Beck : retour sur un manga culte avec les éditions Delcourt/Tonkam

Pour célébrer la réédition en France de Beck dans une édition « Perfect », Journal du Japon est allé à la rencontre de Julien Pierre, l’éditeur ayant supervisé cette réédition. L’occasion idéale, après notre critique d’hier, pour revenir sur les nouveautés qu’apporte cette édition, ainsi que sur ce qui a fait de l’œuvre de Harold SAKUISHI le manga culte qu’il est devenu en un peu plus de vingt ans. 

Beck, volume 1, couverture

© Harold Sakuishi / Kodansha Ltd.

Bonjour, merci d’avoir pris le temps de répondre à nos questions et félicitation pour cette nouvelle édition. 

Pour commencer, j’aimerais revenir sur l’histoire commune de Delcourt/Tonkam et Beck. C’est un manga que vous avez commencé à éditer en 2004, et qui fait son retour dans votre catalogue dix ans après la fin de sa publication. Est-ce que vous pouvez nous parler de cette histoire commune, et de ce qu’il représente pour Delcourt/Tonkam ?

Julien Pierre : Beck était un titre majeur du catalogue shônen de Kodansha et une opportunité éditoriale passionnante pour Delcourt. Ce qui était intéressant avec ce titre, c’est qu’il pouvait être vu comme un pendant « masculin » de Nana. On retrouvait un duo formé d’un novice et d’un professionnel qui amenait le lecteur à découvrir l’univers de la musique rock, ses codes, son histoire avec en toile de fond des histoires romantiques. Beck, c’est vraiment une immersion dans les caves et salles obscures qui sentent la bière, le tabac et la sueur. Toute la mécanique qui amène à la création d’un groupe y est décrite avec précision et bien sûr une touche de romanesque et de suspense. Son esprit rebelle collait parfaitement à l’esprit de la collection manga de Delcourt.

Je serais curieux de savoir comment le manga a été reçu à l’époque de sa sortie. S’il s’était bien vendu par exemple, et quels genres de retours avaient pu faire le public et les critiques ?

S’il n’a pas réalisé les ventes exceptionnelles de Nana, Beck reste à ce jour l’une des meilleures ventes shônen de Delcourt avant la fusion avec Tonkam. Il s’agissait d’un titre attendu à l’époque et son démarrage était plutôt bon.
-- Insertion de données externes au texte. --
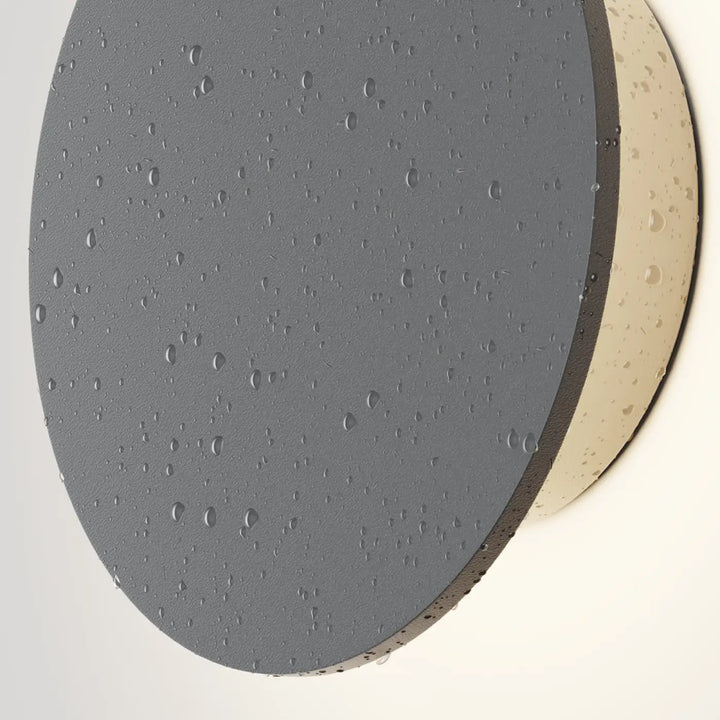 Applique extérieure led gris acier en forme de disque avec finition mate texturée et gouttelettes d’eau subtils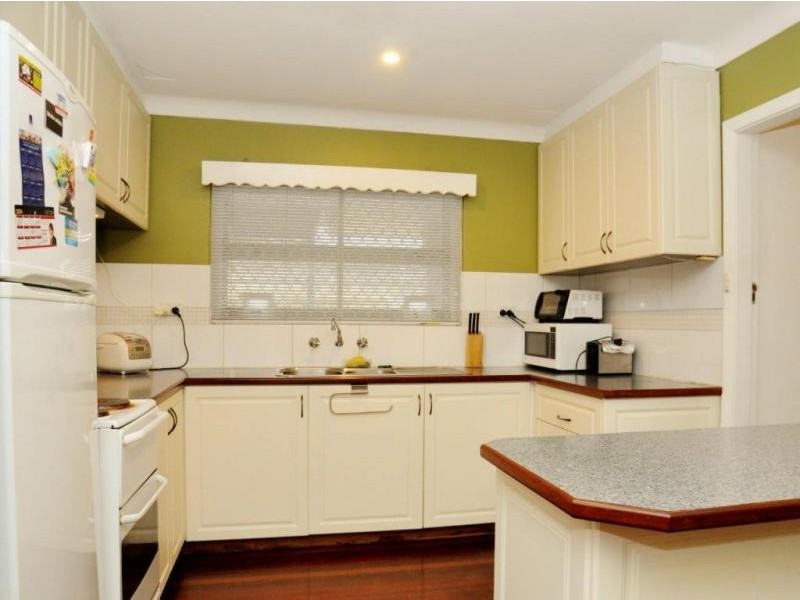 29 Wyndham Street, St James WA 6102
Maintenant, pour en venir à cette Perfect Edition, est-ce que vous pouvez revenir pour nous sur les enjeux et les défis que soulève ce genre de réédition, et sur la différence qu’il y a entre éditer un manga pour la première fois et le rééditer ?

Beck, chien, manga

Tout bon manga à sa mascotte, Beck lui tire son nom de la sienne, le chien de Ryûsuke
© Harold Sakuishi / Kodansha Ltd.

Tout d’abord, de façon simple, quand nous rééditons un manga, c’est que nous pensons vraiment qu’il s’agit d’une œuvre véritablement importante et marquante dans l’histoire du manga en France – ou plus particulièrement une œuvre emblématique de notre propre catalogue -, et qui n’a pas perdu de son intérêt au fil des années. Une question importante pour nous est de savoir véritablement à qui nous souhaitons nous adresser : aux anciens lecteurs, qui ont lu et aimé l’œuvre à sa sortie et qui souhaitent la relire pour retrouver cette émotion originelle, ou à une nouvelle génération de lecteurs de mangas ? Ces derniers sont de plus en plus connaisseurs de l’histoire du manga en France, et sont très friands de pouvoir se procurer des « classiques » pour élargir leur culture, et bien sûr aussi profiter d’une œuvre de qualité. Pour nous, l’intérêt de faire des rééditions, c’est aussi d’enrichir nos éditions quand nous en avons l’opportunité : ajout de pages couleur, de chapitres ou d’illustrations bonus, pourquoi pas repenser la charte graphique, ce genre de choses. Mais chaque projet est différent, il faut jouer avec le matériel, avec ce que nous autorisent les ayants droit ou non, ce genre de facteurs inhérents à chaque titre.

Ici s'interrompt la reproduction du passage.